AIM OF THE EXERCISE ::
From the entries below, print exactly the span beginning with the line holding "Rick And Morty" and ending with the line holding "NEW REPLACES SUBARU", endpoints included, and skip any pictures.

DATA EXTRACT ::

════

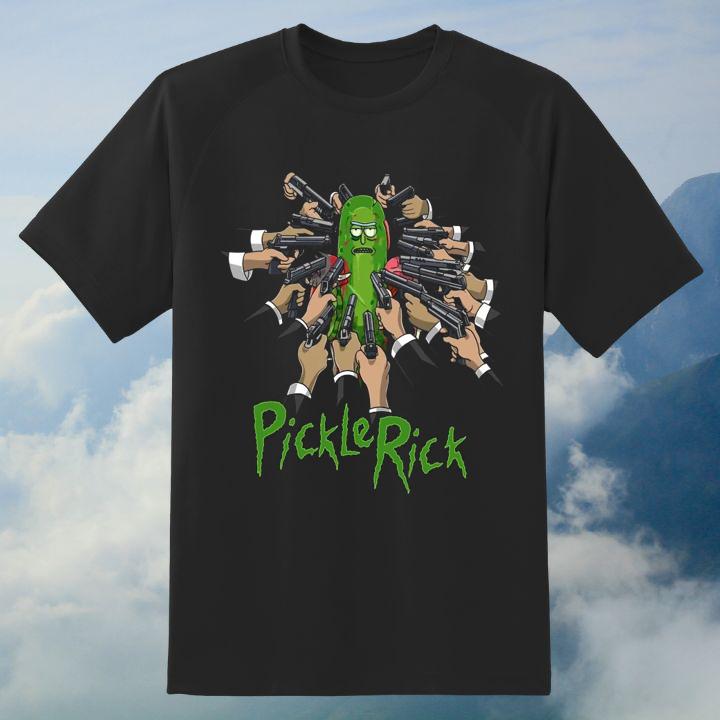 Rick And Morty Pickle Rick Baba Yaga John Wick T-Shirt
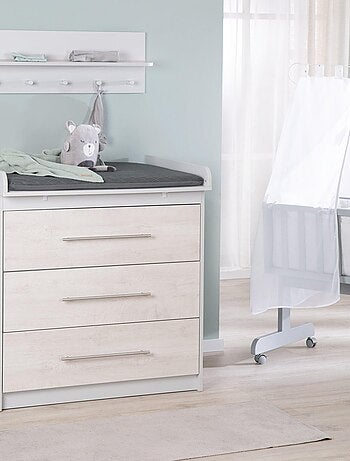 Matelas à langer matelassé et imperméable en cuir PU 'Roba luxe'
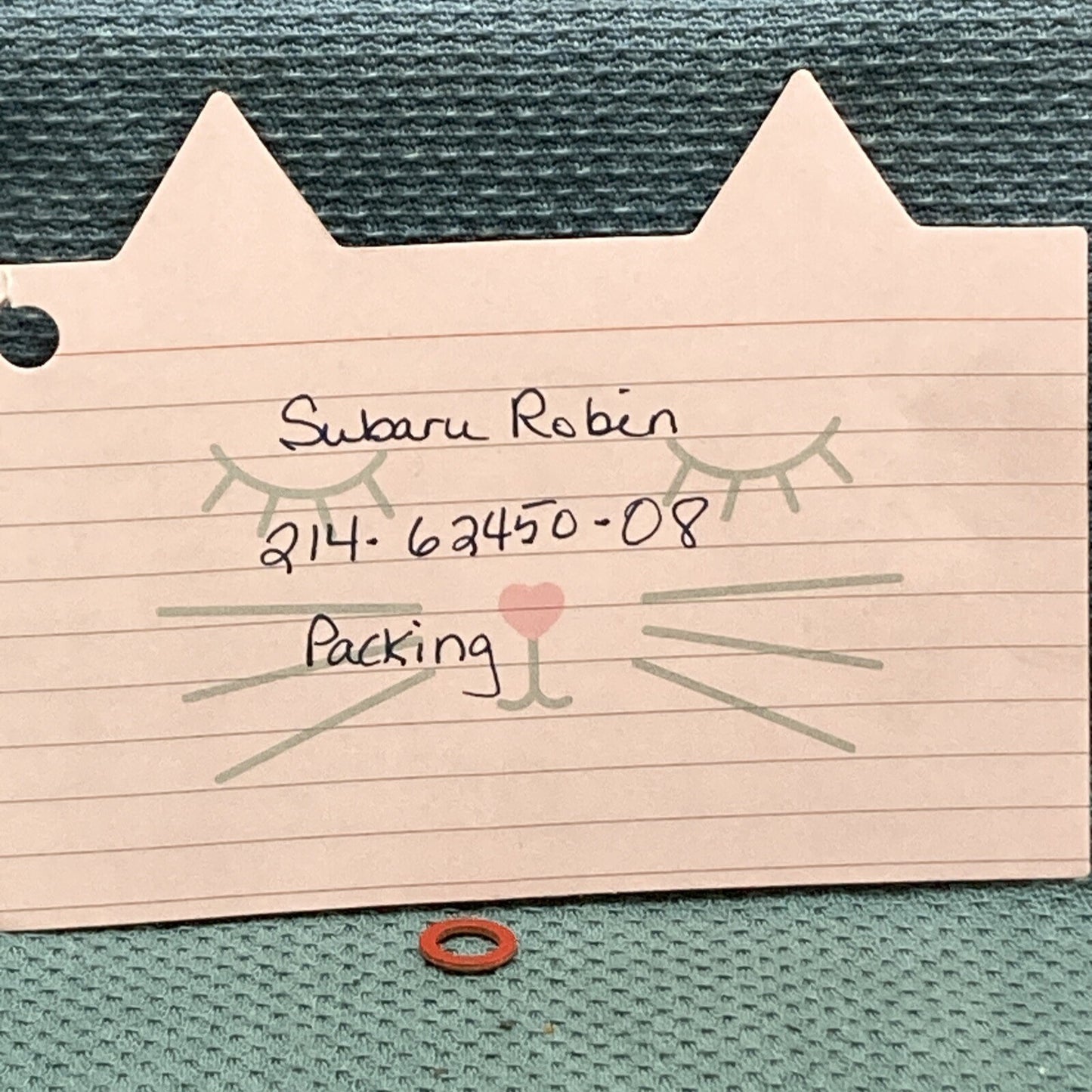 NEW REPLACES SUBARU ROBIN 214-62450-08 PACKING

════

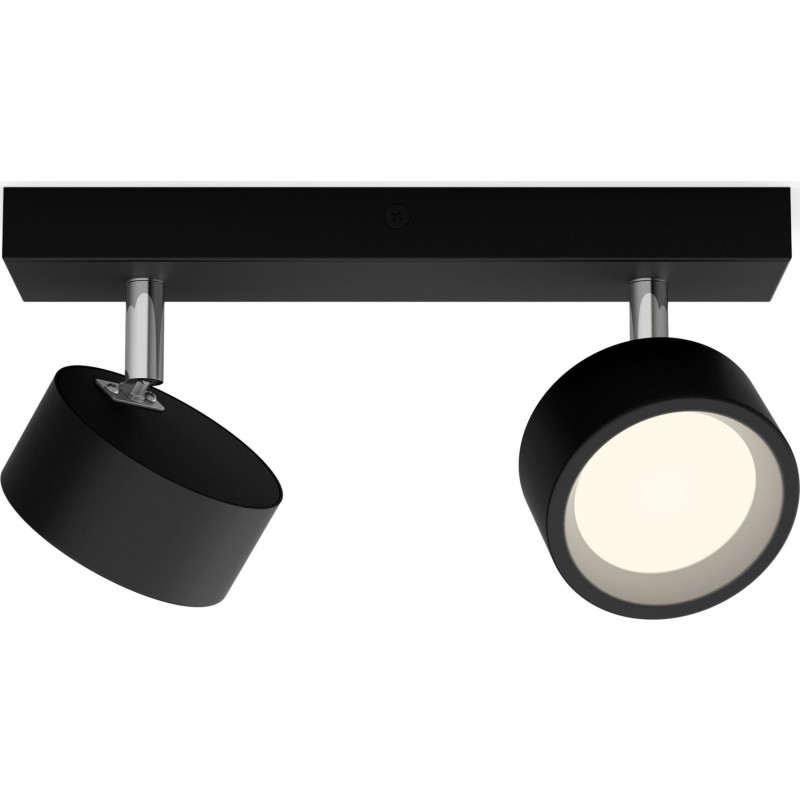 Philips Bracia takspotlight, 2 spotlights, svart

════

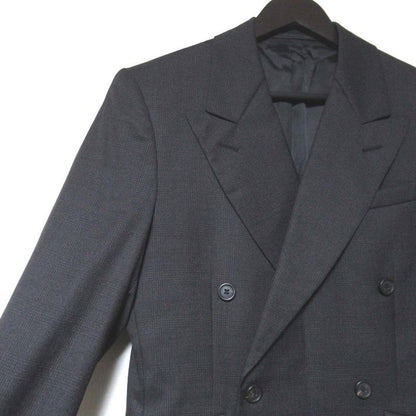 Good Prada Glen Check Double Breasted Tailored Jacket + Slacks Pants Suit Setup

════

OUTPUT OF THE TASK ::
 Rick And Morty Pickle Rick Baba Yaga John Wick T-Shirt
 Matelas à langer matelassé et imperméable en cuir PU 'Roba luxe'
 NEW REPLACES SUBARU ROBIN 214-62450-08 PACKING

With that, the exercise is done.